I believe we need to pay serious attention to the recurring patterns in the way human cultures experience the world as filled and animated by different classes of being. This can be done scientifically, and indeed is far truer to the spirit of science than the thick-skulled and thoroughly uninteresting dichotomization of the existent and the non-existent that currently prevails in the tedious Culture War opposition between believers and non-believers.
People experience the world as filled and animated by beings of all sorts. Daniel Dennett calls this our evolved hyperactive intentionality detection device. This may be the case. It may also be that my pervasive habit of thinking about myself, say, or of Dan Dennett, as the sort of things it would be a shame to kill needlessly is the result of an evolved hyperactive morally-relevant-entity-detection device. In all these cases, though, whatever the evolutionary account that can be given, there is surely also an interesting fact –a phenomenological fact, an anthropological fact, perhaps a moral fact, and perhaps even a theological fact– that people tend to experience the world in the way they do. For certain immediate purposes in everyday life it is a lot harder to dispatch the self or midsized physical objects than it is to get rid of angels, and this is perhaps why we still allow people to deploy the latter sort of evolved detection device, while we ridicule people who mistake the former for a revelation of angels, ghosts, or benevolent ancestors.

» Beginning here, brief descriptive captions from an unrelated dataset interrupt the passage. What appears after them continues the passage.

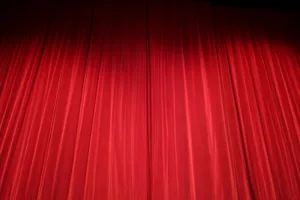 Bright Red Theater Curtains Wallpaper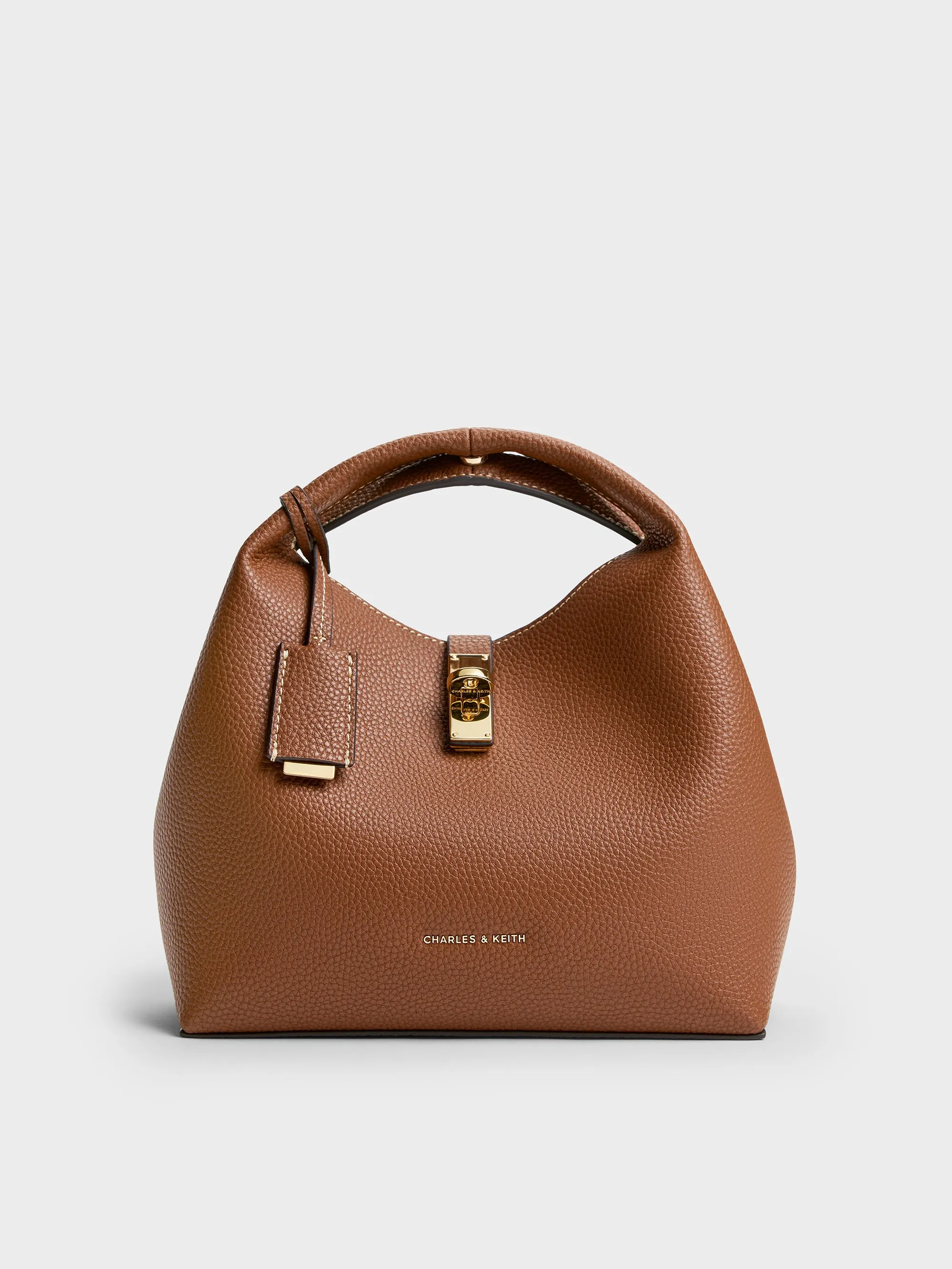 Charles & Keith - Chance Recycled Leather Turn-Lock Bucket Bag sold by Charles & Keith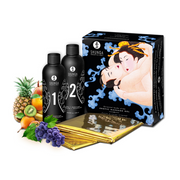 Shunga Oriental Body-to-Body Massage Gel set with fruits and a gold sheet.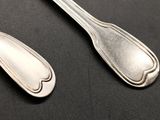 two spoons and a spoon on a black surface
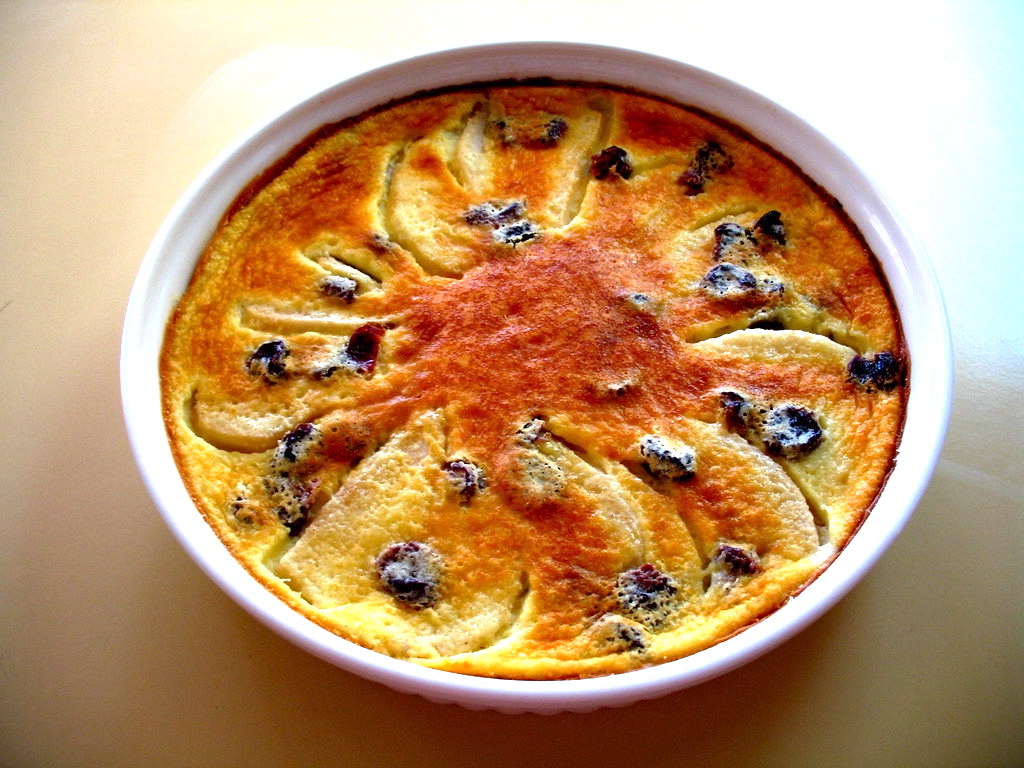 Pear and dried cherry clafouti in a round baking dish, dusted with confectioner’s sugar and photographed just after baking.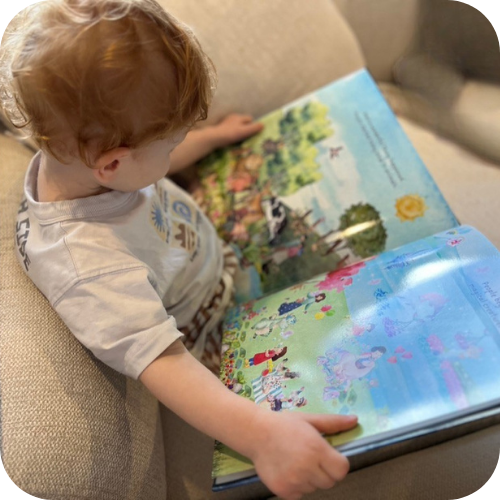 Child reading Starlight Helps the World hardcover book — Stories with Starlight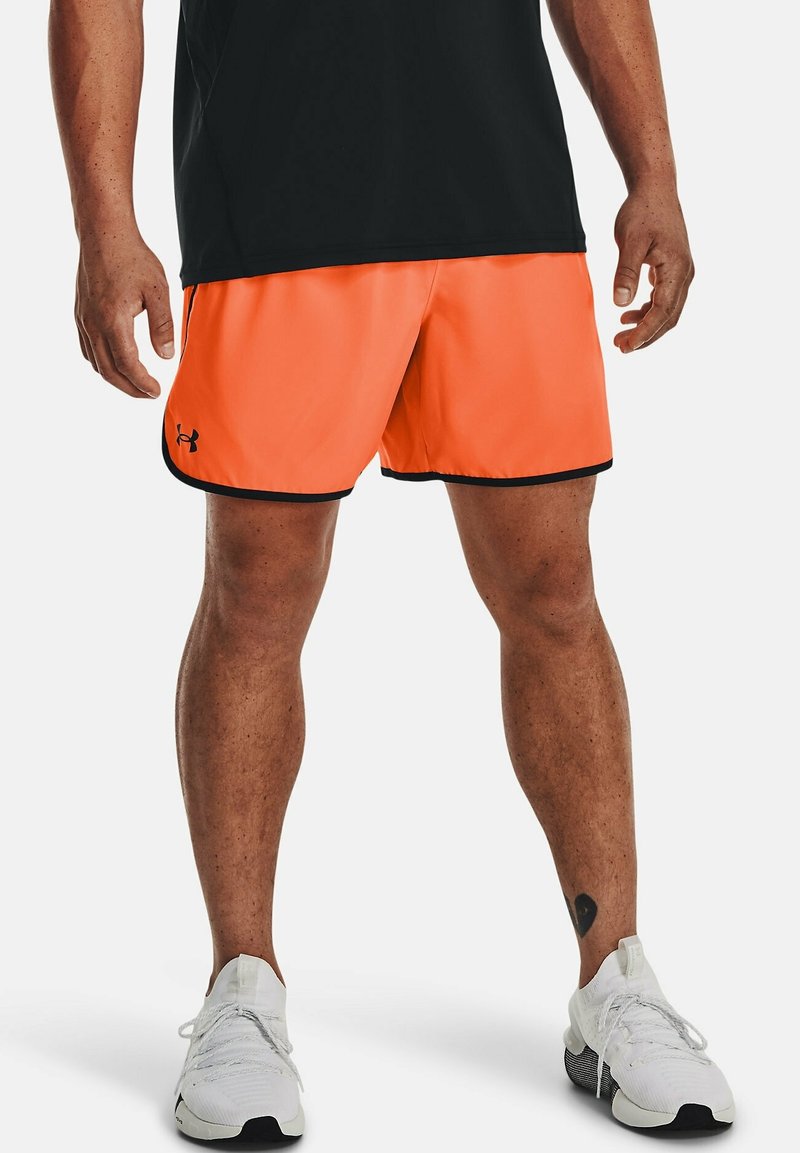 Orange idrottsshorts med svarta detaljer, gjorda av lättviktigt material. Bärs med en svart topp och vita sneakers. Visar synlig ben-tatuering.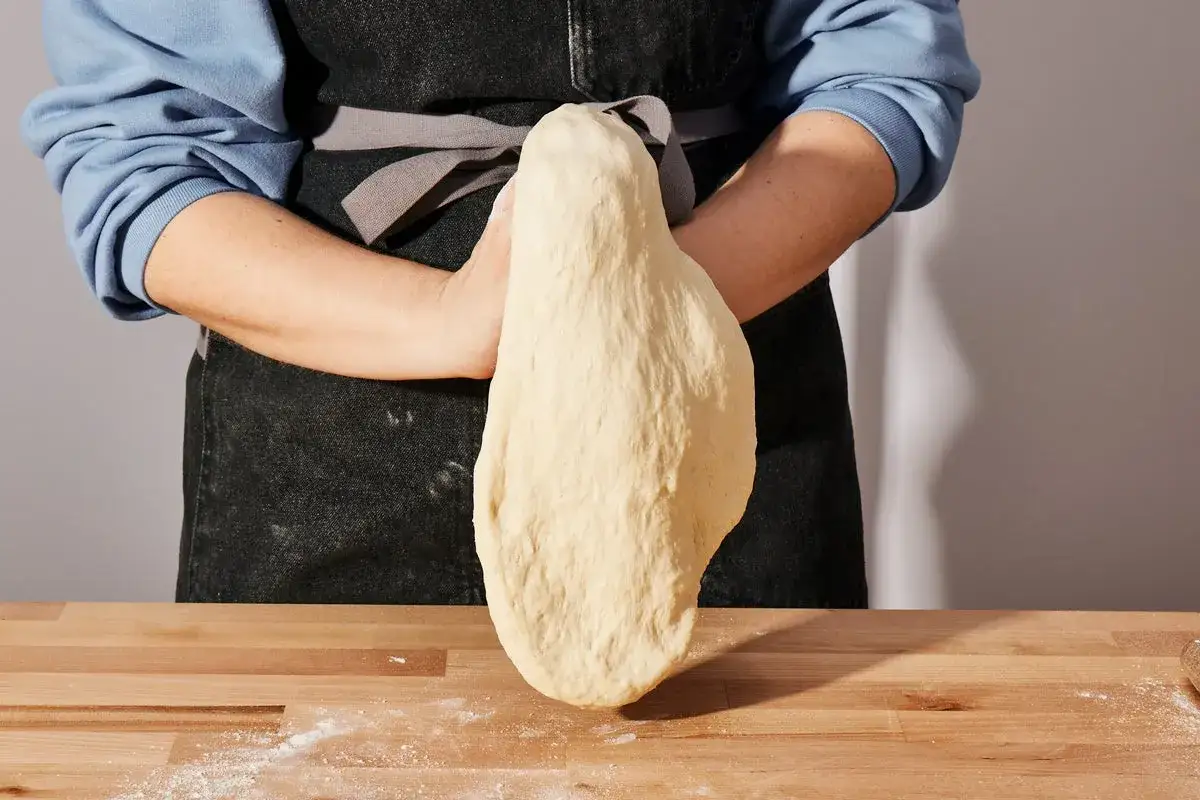 Ręce formują puszyste ciasto na pizzę, które wisi swobodnie, gotowe do pieczenia.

But beyond the accomplishment of these simple tasks –opening doors, asking for directions– there are the full and rich lives we live out, made rich largely by the stories we tell and the beings that figure into these stories, whose existence as clumps or masses does not require proof. This aspect of life receives little attention, or is only condescendingly and passingly treated, by the prideful professional spokesmen for the exhaustiveness of contemporary science. It is here, in these stories –‘in loving repetition’, as Les Murray describes religious faith– that one encounters the angels.